Cavalier governance

Published May 11, 2021
The writer is a former civil servant.
The writer is a former civil servant.

COVID-19 is getting on everyone’s nerves. Mercifully, no one is gloating over what is happening to arch-enemy India, knowing full well that if the infection hits us with the same ferocity we too will be in the soup. Having said that, if there is anything this government is handling well, it is Covid through the NCOC led by Asad Umar and Dr Faisal Sultan. The government is on top of the statistics that are being released in a timely fashion; adjustment in policy is being done in real time; the public is kept aware of vaccine supply even though no one took the initiative of buying the vaccine in time — surely impacted more by fear of NAB than lack of resources.

Vaccination arrangements have won the people’s hearts. They are wondering why the government can’t be as efficient in other sectors. One example is the interior ministry’s handling of the TLP episode. The government signed an agreement with the TLP in November 2020 to prevent a march on Islamabad. The main point of the agreement was that the government promised to take the issue of the expulsion of the French ambassador to parliament within three months (by Feb 17).

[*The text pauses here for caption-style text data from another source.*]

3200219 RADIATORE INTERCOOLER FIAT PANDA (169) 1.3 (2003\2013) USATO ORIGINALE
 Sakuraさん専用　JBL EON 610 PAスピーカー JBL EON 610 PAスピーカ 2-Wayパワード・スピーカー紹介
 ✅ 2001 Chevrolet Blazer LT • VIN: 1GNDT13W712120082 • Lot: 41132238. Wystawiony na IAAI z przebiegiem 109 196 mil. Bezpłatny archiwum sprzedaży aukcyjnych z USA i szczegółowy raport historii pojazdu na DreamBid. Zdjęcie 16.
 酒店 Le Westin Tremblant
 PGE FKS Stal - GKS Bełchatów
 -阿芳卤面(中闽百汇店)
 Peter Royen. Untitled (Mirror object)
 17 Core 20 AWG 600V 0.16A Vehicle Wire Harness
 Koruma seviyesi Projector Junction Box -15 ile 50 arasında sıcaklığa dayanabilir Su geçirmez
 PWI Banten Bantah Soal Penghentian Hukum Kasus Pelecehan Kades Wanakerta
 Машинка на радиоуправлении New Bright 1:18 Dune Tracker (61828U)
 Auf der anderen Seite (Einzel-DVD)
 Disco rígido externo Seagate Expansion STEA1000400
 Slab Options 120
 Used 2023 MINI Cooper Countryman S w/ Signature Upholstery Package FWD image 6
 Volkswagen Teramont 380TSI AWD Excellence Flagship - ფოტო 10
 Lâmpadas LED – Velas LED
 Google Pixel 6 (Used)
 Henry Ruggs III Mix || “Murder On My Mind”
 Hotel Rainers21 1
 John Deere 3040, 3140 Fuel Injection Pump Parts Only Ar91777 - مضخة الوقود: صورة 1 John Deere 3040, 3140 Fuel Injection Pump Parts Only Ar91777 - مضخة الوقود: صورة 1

The interior ministry, which, it appears, is being run through press conferences, chose to ignore the deadline, perhaps out of over-confidence or casualness, leaving the TLP with no choice but to launch another campaign (any leadership has to ensure its credibility), which severely disrupted life, forcing the government to divert from more important matters to take on the party.

The government signed another agreement to ease pressure saying they would take the matter to parliament by April 20. As the date approached, the TLP saw no action and again started agitating. The government’s response went from one of total inaction to overaction. They proscribed the TLP under the law, bringing them to the level of the TTP and IS.

The government has set a bad precedent in its handling of TLP.

Now TLP protesters may look physically like members of the TTP, but this is an outfit which became a serious political party with elected members in parliament, and was being wooed by major political parties. All the government had to do was to take the matter of expulsion to parliament in time and manoeuvre to have it rejected.

Whether one likes it or not, the TLP got 2.1 million votes in the last election and was the fifth biggest party. You can’t casually declare a legitimately registered political party a terrorist group and hope to solve the problem. The interior ministry’s action is identical to the response of a typical SHO, who in cavalier fashion, and often in return for money, adds provisions of the Anti-Terrorism Act even to an offence as innocuous as a brawl.

To add insult to injury, the government went into negotiations with the banned party to get released policemen held hostage and in return freed hundreds of TLP ‘terrorists’. If a government negotiates with a party immediately after banning them for being terrorists, it is doubtful they can make a greater mockery of governance.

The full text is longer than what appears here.